▶ [Exercise]:
Count the lines below that contain the word "Office", and reply with only that number.

Scraped caption text data:
══════════
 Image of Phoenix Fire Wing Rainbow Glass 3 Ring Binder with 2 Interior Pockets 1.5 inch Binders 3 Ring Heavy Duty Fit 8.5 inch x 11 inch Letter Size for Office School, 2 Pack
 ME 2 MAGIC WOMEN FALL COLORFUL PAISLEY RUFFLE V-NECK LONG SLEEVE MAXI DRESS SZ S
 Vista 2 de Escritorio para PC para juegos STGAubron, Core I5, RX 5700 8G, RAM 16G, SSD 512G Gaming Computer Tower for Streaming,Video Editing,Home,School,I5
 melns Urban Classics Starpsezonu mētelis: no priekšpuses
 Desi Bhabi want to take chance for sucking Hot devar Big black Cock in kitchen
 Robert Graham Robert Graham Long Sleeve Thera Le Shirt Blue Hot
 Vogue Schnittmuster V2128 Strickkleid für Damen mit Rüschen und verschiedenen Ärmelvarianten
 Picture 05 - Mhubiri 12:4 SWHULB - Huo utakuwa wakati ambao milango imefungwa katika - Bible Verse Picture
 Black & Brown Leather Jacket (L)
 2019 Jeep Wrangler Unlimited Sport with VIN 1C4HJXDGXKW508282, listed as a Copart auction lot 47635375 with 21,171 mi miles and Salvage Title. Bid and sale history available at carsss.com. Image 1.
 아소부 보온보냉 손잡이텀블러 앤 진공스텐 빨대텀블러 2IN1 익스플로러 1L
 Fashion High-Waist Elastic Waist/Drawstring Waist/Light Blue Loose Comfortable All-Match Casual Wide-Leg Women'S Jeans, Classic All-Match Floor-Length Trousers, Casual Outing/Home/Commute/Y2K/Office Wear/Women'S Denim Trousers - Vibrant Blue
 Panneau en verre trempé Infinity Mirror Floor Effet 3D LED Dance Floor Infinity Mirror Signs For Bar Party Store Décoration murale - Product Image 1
══════════
▶ [Exercise answer]:
2